A delicous goulash recipe best served with some nice buttered egg noodles
Melt the margarine or butter in Dutch oven over medium to high heat.
Add the onion and cook until the onions are tender. Add the garlic and cook one minute longer.
Add the meat cubes and cook until browned.
In a small bowl, stir together the ketchup, Worcestershire, sugar, salt, paprika, mustard, cayenne and 1 1/2 cups water.
Pour over the meat, bring to a boil, then turn down to low and simmer 2 hours.
When the 2 hours is almost up, prepare the potatoes and carrots and cauliflower.
Peel the potatoes, cut into large chunks, and rinse.

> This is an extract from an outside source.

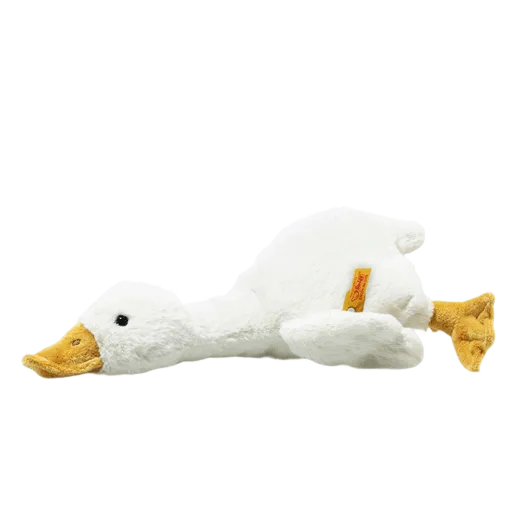 Steiff's Gilda the Goose comes with a small beanbag stuffing so it can lay down flat or stand up.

Peel the carrots and slice.
Wash the cauliflower and cut into florets.
At the 2 hour mark, add the potatoes, carrots and cauliflower to the goulash.
Bring to a boil, then turn down and let simmer for 30 minutes.
Once the vegetables are tender and cooked through, stir 2 tablespoons of flour into 1/4 cup water in a small bowl to make a paste.
Add a little of the hot liquid from the goulash to the flour and water mixture. Stir to combine then stir back into the goulash and heat to boiling,
stirring constantly for one minute. Shut off.
You can eat as is or you can serve over broad hot cooked buttered noodles.